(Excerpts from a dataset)
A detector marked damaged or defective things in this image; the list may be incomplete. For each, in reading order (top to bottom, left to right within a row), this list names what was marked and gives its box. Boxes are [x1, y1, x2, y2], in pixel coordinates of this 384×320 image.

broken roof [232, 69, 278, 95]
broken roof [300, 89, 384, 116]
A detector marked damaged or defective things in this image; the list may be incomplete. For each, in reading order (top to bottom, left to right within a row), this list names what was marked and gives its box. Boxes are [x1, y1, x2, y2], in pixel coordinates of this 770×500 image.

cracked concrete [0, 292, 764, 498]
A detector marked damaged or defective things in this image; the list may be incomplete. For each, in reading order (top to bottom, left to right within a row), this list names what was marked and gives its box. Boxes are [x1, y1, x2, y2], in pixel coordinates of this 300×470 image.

§ **What you will do**: Every line of the data above should be reproduced word for word.

§ **Solution to this exercise**:
A detector marked damaged or defective things in this image; the list may be incomplete. For each, in reading order (top to bottom, left to right within a row), this list names what was marked and gives its box. Boxes are [x1, y1, x2, y2], in pixel coordinates of this 384×320 image.

broken roof [232, 69, 278, 95]
broken roof [300, 89, 384, 116]
A detector marked damaged or defective things in this image; the list may be incomplete. For each, in reading order (top to bottom, left to right within a row), this list names what was marked and gives its box. Boxes are [x1, y1, x2, y2], in pixel coordinates of this 770×500 image.

cracked concrete [0, 292, 764, 498]
A detector marked damaged or defective things in this image; the list may be incomplete. For each, in reading order (top to bottom, left to right within a row), this list names what was marked and gives its box. Boxes are [x1, y1, x2, y2], in pixel coordinates of this 300×470 image.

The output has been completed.